▶ Problem requirements
Could you copy, exactly as written, every line from the first line of the records through the one containing "2009 Chevrolet Silverado 1500 LT"?

▶ Listed entries
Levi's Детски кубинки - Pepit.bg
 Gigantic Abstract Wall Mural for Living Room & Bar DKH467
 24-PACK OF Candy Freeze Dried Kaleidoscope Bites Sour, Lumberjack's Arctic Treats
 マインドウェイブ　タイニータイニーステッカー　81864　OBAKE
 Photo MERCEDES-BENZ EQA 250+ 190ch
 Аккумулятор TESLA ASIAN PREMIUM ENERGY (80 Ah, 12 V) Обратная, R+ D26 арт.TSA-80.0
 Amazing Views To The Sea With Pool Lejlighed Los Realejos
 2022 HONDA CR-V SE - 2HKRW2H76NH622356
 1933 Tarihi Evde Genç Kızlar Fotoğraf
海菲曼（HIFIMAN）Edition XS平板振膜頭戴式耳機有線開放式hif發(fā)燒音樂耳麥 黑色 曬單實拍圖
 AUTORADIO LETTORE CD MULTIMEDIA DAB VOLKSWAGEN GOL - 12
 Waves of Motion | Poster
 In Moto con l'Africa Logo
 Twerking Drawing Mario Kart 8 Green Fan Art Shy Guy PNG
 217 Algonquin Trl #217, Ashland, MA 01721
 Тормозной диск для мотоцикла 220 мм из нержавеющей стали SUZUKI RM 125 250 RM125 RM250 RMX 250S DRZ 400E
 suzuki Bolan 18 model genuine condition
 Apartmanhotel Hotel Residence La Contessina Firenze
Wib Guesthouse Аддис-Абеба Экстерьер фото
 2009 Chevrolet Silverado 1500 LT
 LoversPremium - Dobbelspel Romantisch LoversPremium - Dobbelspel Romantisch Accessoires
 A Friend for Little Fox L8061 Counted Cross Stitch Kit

▶ Result of the exercise
Levi's Детски кубинки - Pepit.bg
 Gigantic Abstract Wall Mural for Living Room & Bar DKH467
 24-PACK OF Candy Freeze Dried Kaleidoscope Bites Sour, Lumberjack's Arctic Treats
 マインドウェイブ　タイニータイニーステッカー　81864　OBAKE
 Photo MERCEDES-BENZ EQA 250+ 190ch
 Аккумулятор TESLA ASIAN PREMIUM ENERGY (80 Ah, 12 V) Обратная, R+ D26 арт.TSA-80.0
 Amazing Views To The Sea With Pool Lejlighed Los Realejos
 2022 HONDA CR-V SE - 2HKRW2H76NH622356
 1933 Tarihi Evde Genç Kızlar Fotoğraf
海菲曼（HIFIMAN）Edition XS平板振膜頭戴式耳機有線開放式hif發(fā)燒音樂耳麥 黑色 曬單實拍圖
 AUTORADIO LETTORE CD MULTIMEDIA DAB VOLKSWAGEN GOL - 12
 Waves of Motion | Poster
 In Moto con l'Africa Logo
 Twerking Drawing Mario Kart 8 Green Fan Art Shy Guy PNG
 217 Algonquin Trl #217, Ashland, MA 01721
 Тормозной диск для мотоцикла 220 мм из нержавеющей стали SUZUKI RM 125 250 RM125 RM250 RMX 250S DRZ 400E
 suzuki Bolan 18 model genuine condition
 Apartmanhotel Hotel Residence La Contessina Firenze
Wib Guesthouse Аддис-Абеба Экстерьер фото
 2009 Chevrolet Silverado 1500 LT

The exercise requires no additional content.